LONDON — British authorities said Sunday that they were widening their investigation of the poisoning of former KGB agent Alexander Litvinenko on the heels of a fresh series of leads into the Russian's murky political and business connections stretching from Moscow to the U.S.
"Over the next few days, I think all of these things will widen out a little from the circle just being here in Britain," Home Secretary John Reid told the "Sunday Live With Adam Boulton" program of Britain's Sky News.
Quoting unidentified law enforcement sources, British news reports said police investigators were in the U.S. interviewing former KGB agent Yuri Shvets, who purportedly has information on a dossier Litvinenko had in his possession relating to the Kremlin's pursuit of figures connected with Yukos Oil Co.
The company was forcibly broken up and in effect renationalized in 2004 after Russian authorities imprisoned its chief executive, Mikhail Khodorkovsky. One of Russian President Vladimir V. Putin's closest lieutenants, KGB veteran Igor Sechin, became board chairman of the state-owned company that later took over Yukos.
In Moscow, British investigators were said to be planning to interview another former KGB agent, Andrei Lugovoy, who recently traveled to London from Moscow and met with Litvinenko on the day of his suspected poisoning. Lugovoy was among those Litvinenko was said to have suspected. "We can't go into detail on operational matters, but obviously the investigators will go wherever needed," a police spokeswoman said Sunday.
Although Litvinenko in the days before his death Nov. 23 accused the Kremlin of responsibility for the large dose of radioactive polonium-210 that is believed to have killed him, police are exploring a growing number of leads, some relating to Litvinenko's investigative work on the shadowy world of Russian and Chechen organized crime, wealthy Russian oligarchs and international politics.

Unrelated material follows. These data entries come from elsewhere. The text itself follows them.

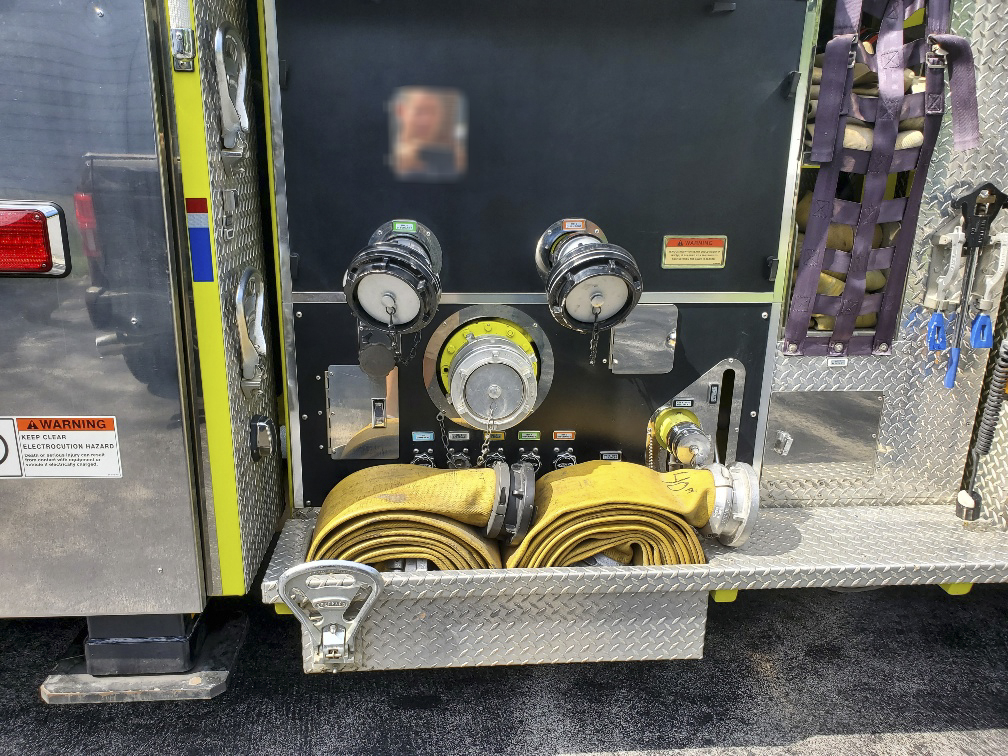 Firetruck Mall Placeholder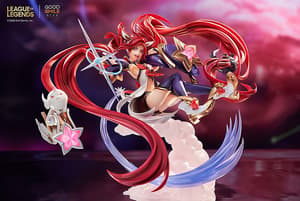 Jinx  - Star Guardian - Good Smile Company - 2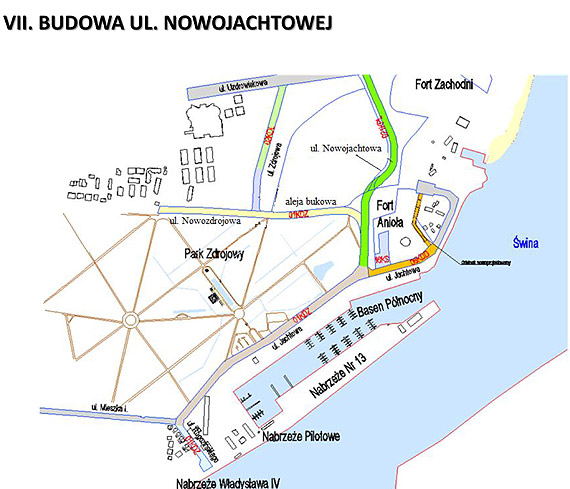 Manipulacje na mapie inwestycji? Zobaczcie i porównajcie!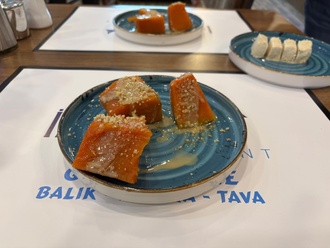 Cevizli Kabak Tatlısı görseli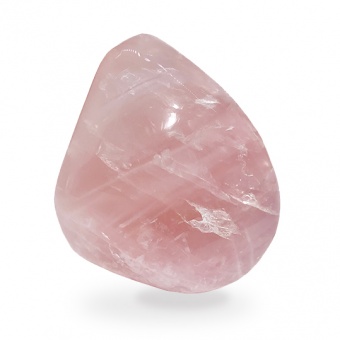 Розовый кварц, коллекционный камень минерал 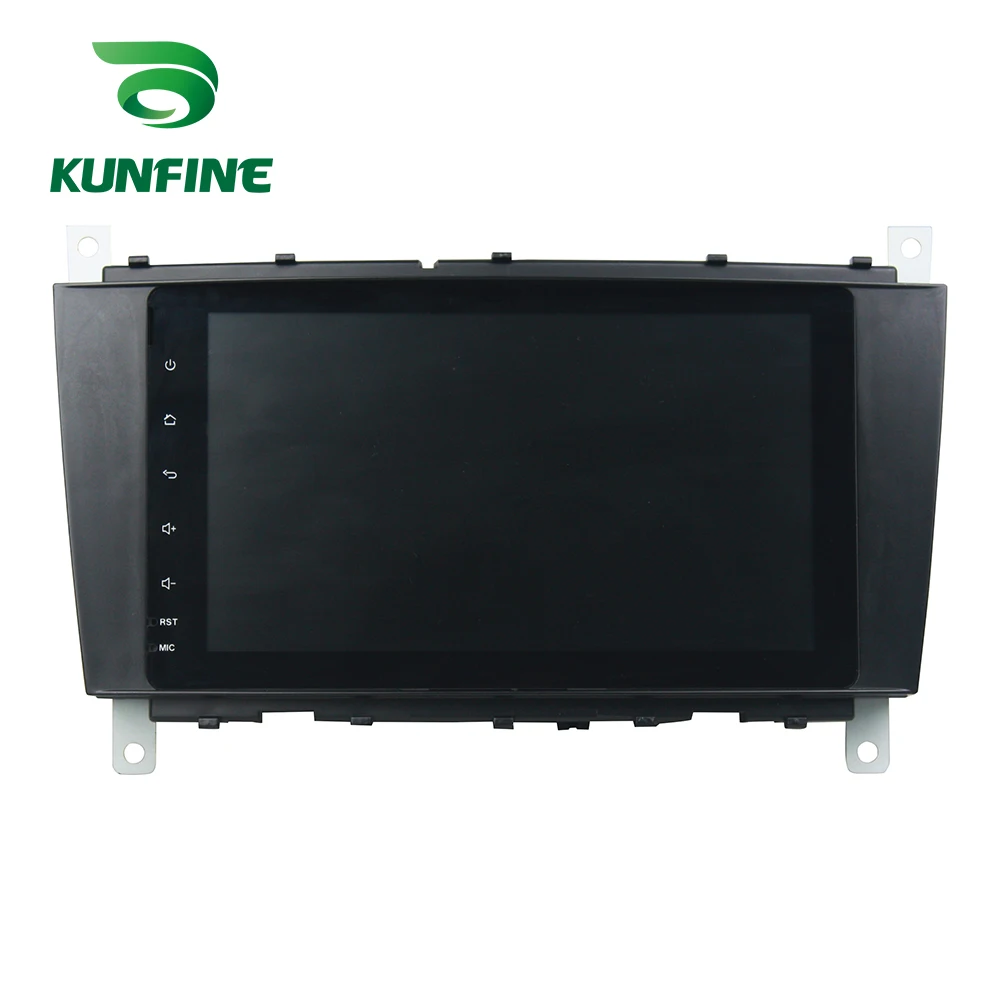 Android Car DVD GPS Navigation Multimedia Player Car Stereo For BENZ  C-CLASS Radio Headunit-1 (1)
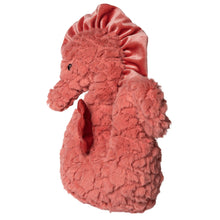 Putty Coral Seahorse 12"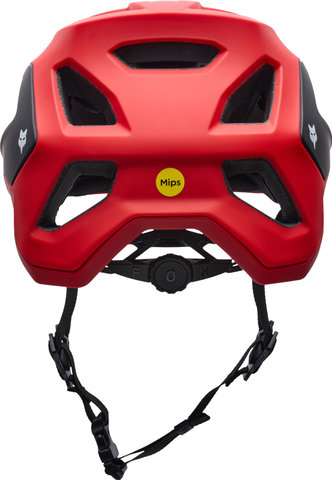 Fox Head Speedframe Charge Kinderhelm - red | 51 - 55 cm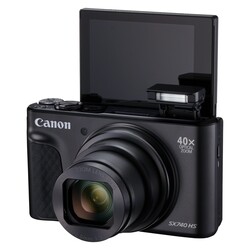 PowerShot SX740 HS Lite Edition - Svart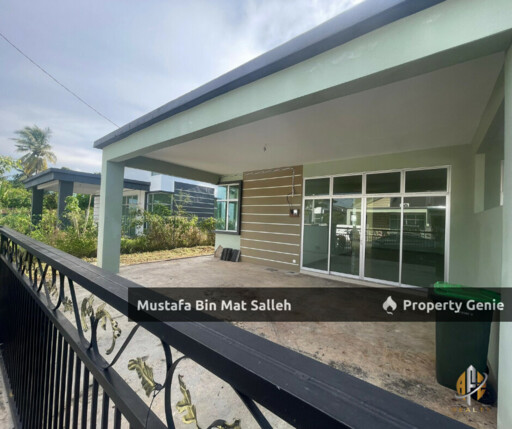 Single Storey Semi D Taman Alam Maju Gurun Kedah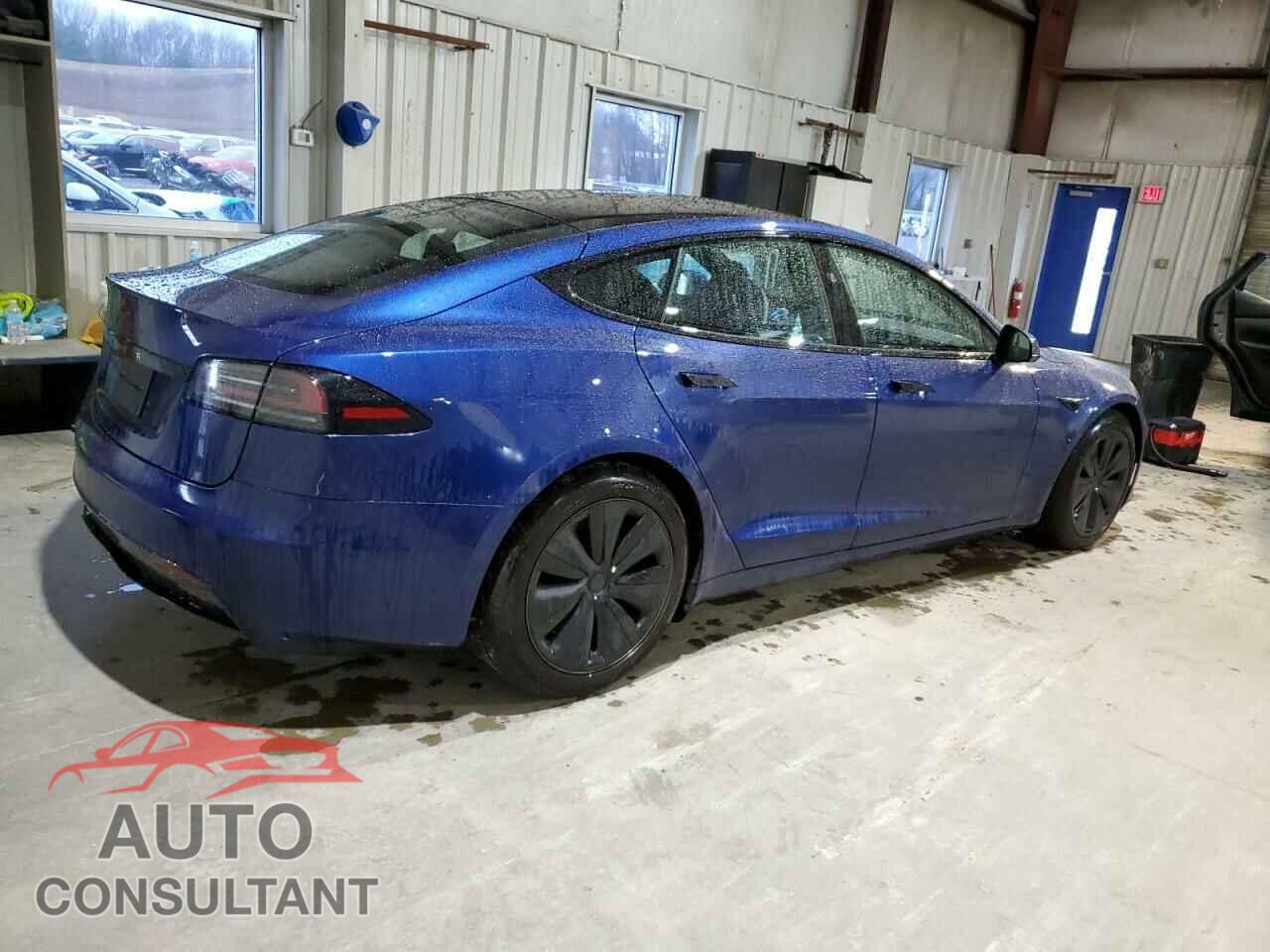 TESLA MODEL S 2024 - 5YJSA1E53RF543714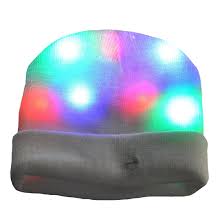 Pin On Led Light Up Party Hat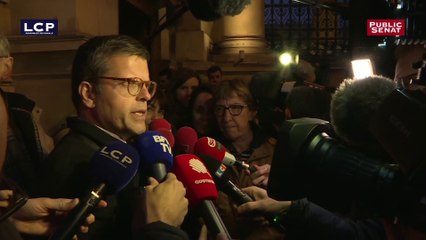Carvounas sur le choix de Valls de ne pas parrainer Hamon : "Ce n’est pas ce qu’on attend de nous"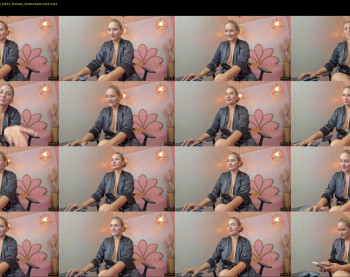 barbaraagreat — 3 minute Chaturbate female cam show recording, 1080p, Apr 14, 2022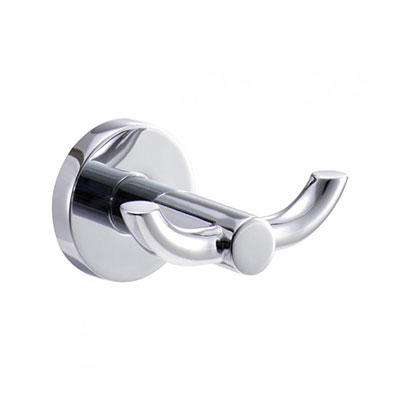 Móc áo đôi màu vàng bóng American Standard FFAS0481CS - Image 4
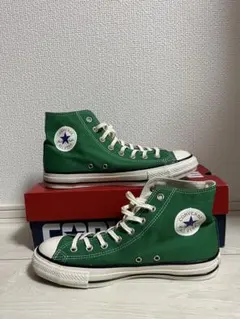 2025年最新】Converse メインカラー：グリーン スニーカーの人気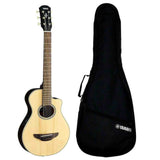 Yamaha APXT2 - 3/4 Size Thinline Acoustic Electric Guitar with Gig Bag - Natural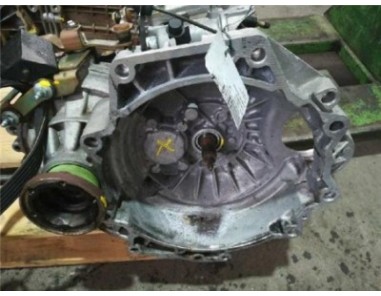 Caja Cambios Manual Audi A3 1 6 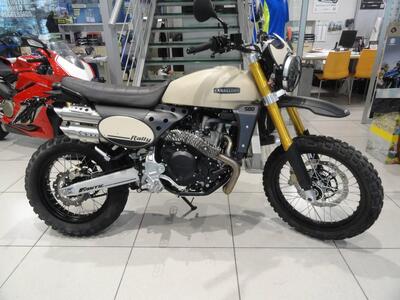 Fantic Motor Caballero 500 Rally (2021 - 23) usata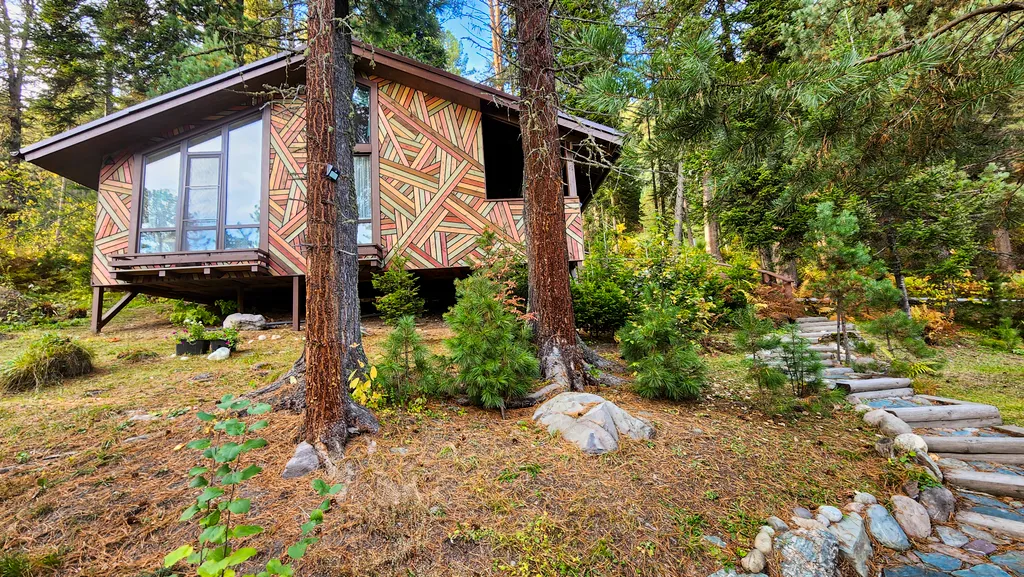 Семейный домик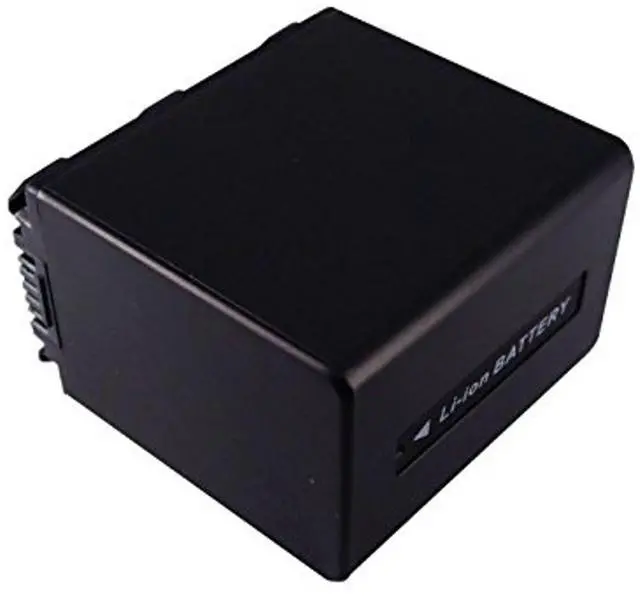 Alt view image 4 of 5 - Cameron Sino Battery for Sony CR-HC51E, DCR-30, HDR-TG1E, HDR-UX10, HDR-UX19E, HDR-UX20, HDR-UX20/E, HDR-UX3E, HDR-UX5, HDR-UX5E, HDR-UX7, HDR-UX7E, HDR-UX9E PN:Sony NP-FH90 2200mAh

In a first-person account and interview provided to Britain's Observer newspaper, a Russian academic researching a book on Chechnya said she had met Litvinenko several times over the last year and learned he had accumulated secret and damaging dossiers from the Federal Security Service, the successor to the KGB known as the FSB, on a number of influential figures that he planned to use for blackmailing purposes.